Thx Moper. Here are what the plugs look like. The pics came out a little lighter than actual, the brown is a little darker. I couldn't turn the flash off on the camera. Looks like I was a little premature on my previous post, pinging is still there at WOT only.

1st pic - cylinders, from left to right, 1, 3, 5, 7

2nd pic - cylinders from left to right, 2, 4, 6, 8

Does it look lean? I will get down to rejetting the carb next weekend.

Thanks - STAN

72duster062807 016 rs.JPG


72duster062807 017rs.jpg
 
There's an aweful lot of crud on those plugs for pump gas. A lot of oil on the rings too. Can yo urun a new plug or two and post what they look like after a few street miles on pump fuel? It may simply be a matter or changing the ignition curve. You could also have a phasing problem in the distributor. What type of ignition do you run?
 
There's an aweful lot of crud on those plugs for pump gas. A lot of oil on the rings too. Can yo urun a new plug or two and post what they look like after a few street miles on pump fuel? It may simply be a matter or changing the ignition curve. You could also have a phasing problem in the distributor. What type of ignition do you run?

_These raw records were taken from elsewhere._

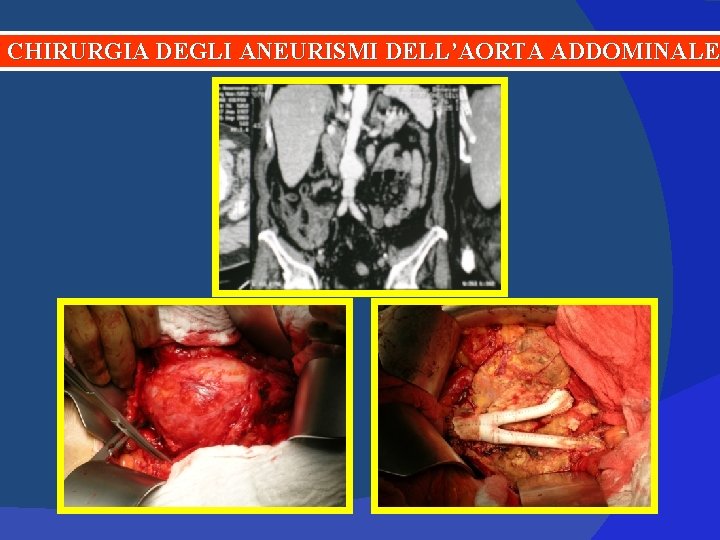 CHIRURGIA DEGLI ANEURISMI DELL’AORTA ADDOMINALE 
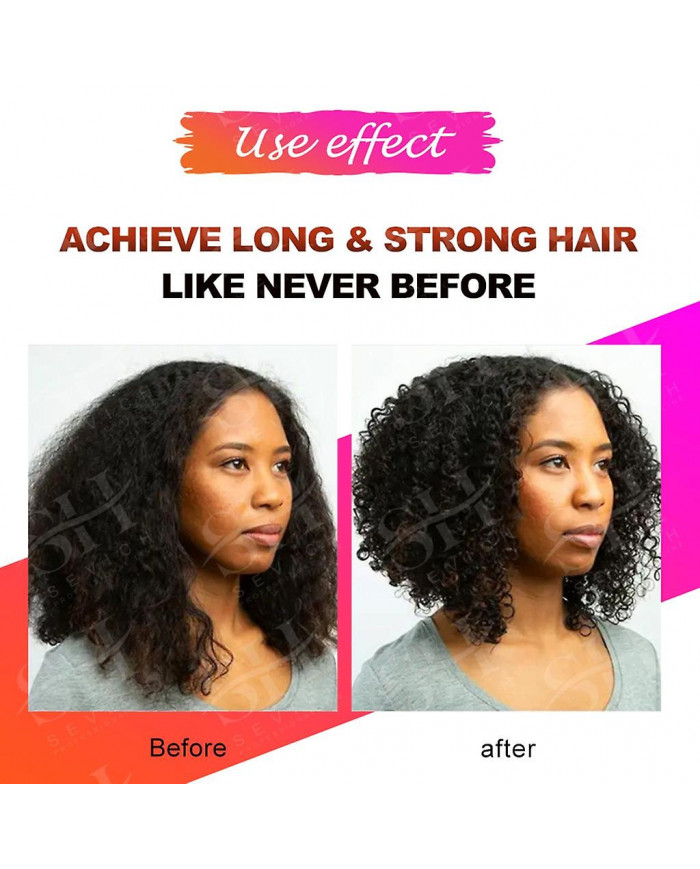 Essence de croissance rapide des cheveux Traitement naturel de la santé à base de plantes La perte de cheveux fait [...]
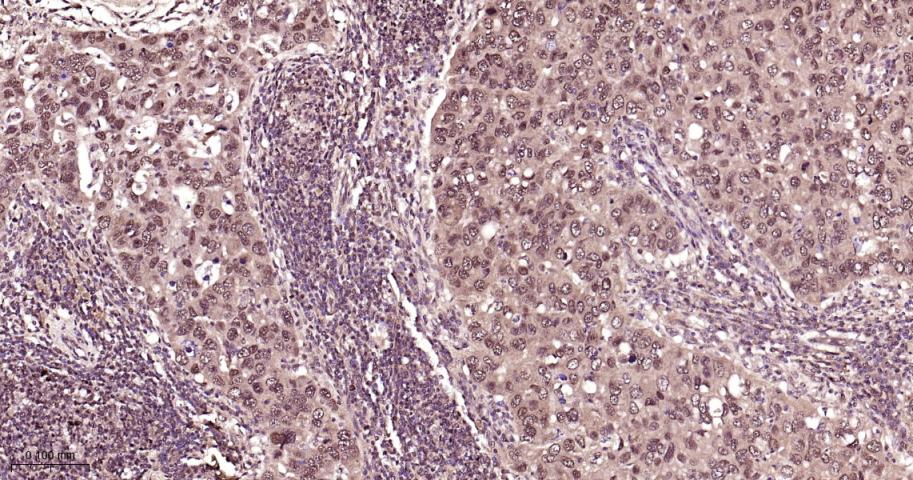 NADPH氧化酶4抗体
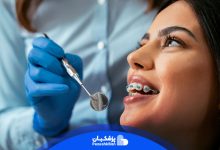 ارتودنسی دندان چیست و چه انواعی دارد؟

Will do. I already swapped in new plugs when I pulled these ones. I matched the plug #, Autolite AP66. It seems to have temporarily cured the problem. I also put a little less than 5 gallons of 100 octane mixed with maybe 2-3 gallons of 91. The brown on the plugs look almost like rust. Is this possible? Car was not driven often and has maybe less than 5,000 miles.

Ignition looks like stock electronic ignition, Mopar distributor, black control box(when's the last time you've seen one of these?) ballast resistor, and Accel coil.